We’ve made up a song,” Helen says. “Would you like to hear it?”

“Should I get the camera?” Yoshi asks. “Or should I pretend that I have not heard you singing this song for the past hour?”

“Are you annoyed?”

“Not at all.”

“We’re cleaning the sleep sacks, the sleep sacks, the sleep sacks, we’re cleaning the sleep sacks so they will be nice!” Helen and Sergei sing.

They are cleaning the sleep sacks, it is true. It is a two-person job: one to hold, the other to brush on the dry shampoo. When they’d pulled Sergei’s sleep sack from his compartment, she’d been relieved to see he’d only affixed to the walls what he’d had up in his wedge on Primitus: a few religious icons of purely sentimental value and pictures of Dmitri and Ilya. Pieces of paper covered in a madman’s tiny script, or crabbed arithmetical glyphs would have been hard to ignore.

They usually listen to music during cleaning day, but neither Sergei nor Yoshi had seemed enthusiastic about making a selection, perhaps since today’s Music in Space! had been a rather long performance involving bagpipes. So they worked accompanied by the ambient noise of Red Dawn, the whirring and humming of their home. This noise was certainly not negligible, but Helen became aware of Sergei’s own silence. As much as possible, she likes to keep Sergei chatting now, because when he is talking she can be more or less certain of what is going on in his brain. She’d started to sing and he had joined in and then they found themselves unable to stop.

Yoshi, she thinks, is a little annoyed. She’d seen him earlier vacuuming in a very aggressive fashion, unlike his usual calm thoroughness. Yoshi likes a clean ship, but it is also his way, Helen thinks, of giving heft and validity to what can be seen and controlled.

Possibly she is exaggerating their vulnerability. Sergei may well be over his lapse of reason, and Yoshi may be perfectly content.

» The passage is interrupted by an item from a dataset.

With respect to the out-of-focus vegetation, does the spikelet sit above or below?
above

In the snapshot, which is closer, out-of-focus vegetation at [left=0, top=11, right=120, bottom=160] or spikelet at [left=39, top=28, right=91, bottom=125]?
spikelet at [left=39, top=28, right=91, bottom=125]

She has her own problem: she is very attractive just now. It’s unfortunate that without hair she should look so beautiful; Helen hopes that she’s the only one who has noticed. She wasn’t selected for this, she’s meant to be the female the other two males will not find alluring. It’s something of an effort to keep her hands off her own head, to not touch her neck, her waist, her thighs, her hips, her breasts, her stomach. Her skin is remarkable: in some places dry and papery like lovely parchment, and in other spots, warmly malleable like sweet dough. At night, in her sleep compartment, she holds parts of herself with a real appreciation.

They are all in extreme close-up; one notices the appearance of a new eyebrow hair. And yet they must communicate as if they are not noticing this. They must protect themselves, from Prime, from one another, from whatever parts of themselves they are grasping in the dark.

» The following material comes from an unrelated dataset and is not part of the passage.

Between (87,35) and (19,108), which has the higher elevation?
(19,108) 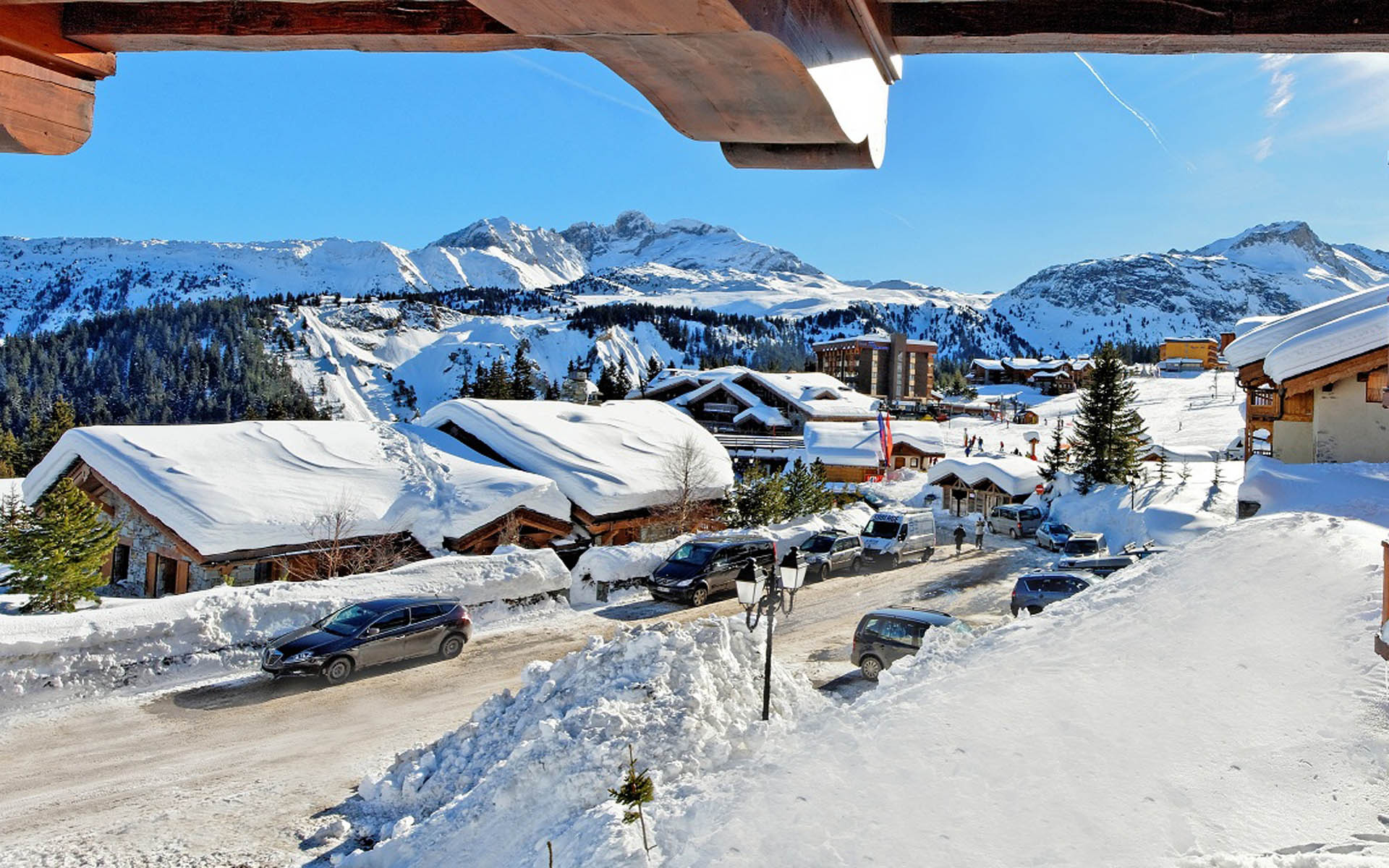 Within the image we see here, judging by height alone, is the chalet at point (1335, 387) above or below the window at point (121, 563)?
above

On all the Red Dawn screens now: Venus. Their view is shaded: Venus is too bright to look at with the naked eye, but in other ways it has not been enhanced in the ultraviolet-filter way the planet often is. Not, then, a hot mess of toxic chemicals and misshapen volcanoes covered in sulfuric acid clouds, orange and yellow, ugly, a planet gone wrong. No, it looks like what it should truly look like: a cream-colored ball, spinning very slowly in the opposite direction most other planets spin. They have to be disciplined about when they look at it, otherwise they would do nothing but look.

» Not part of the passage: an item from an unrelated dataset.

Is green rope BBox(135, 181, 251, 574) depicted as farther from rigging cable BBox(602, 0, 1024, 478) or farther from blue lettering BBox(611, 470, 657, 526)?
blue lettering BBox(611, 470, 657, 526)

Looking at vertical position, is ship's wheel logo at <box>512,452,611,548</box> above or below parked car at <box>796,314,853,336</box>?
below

“I have good news,” Yoshi says. “The red pepper is ripe. We can eat it. This week’s winning recipe calls for a red pepper.”

The crew moves to the large console in the Science/Lab wedge.

“It’s a lot of steps.” Helen scans the recipe instructions. “But I guess no one needs Fifty Quick Recipes for Long-Duration Space Travel.”

The recipe says that it will take them three and a half hours to make this dish. Was preparing dinner a meaningful use of three and a half hours? Did knowing that part of this elaborate dinner’s function was to keep you occupied make it more, or less, meaningful?

Yoshi points out a line of the recipe that calls for three fresh bay leaves. “I see another sacrifice is called for. Alas, poor Mildred.”

Yoshi had given the herbs in their garden lab these sorts of names. Mildred. Dorcas. Ermengarde. He hadn’t named the vegetables: the zucchini, spinach, red pepper, pale descendants of the Primitus garden lab.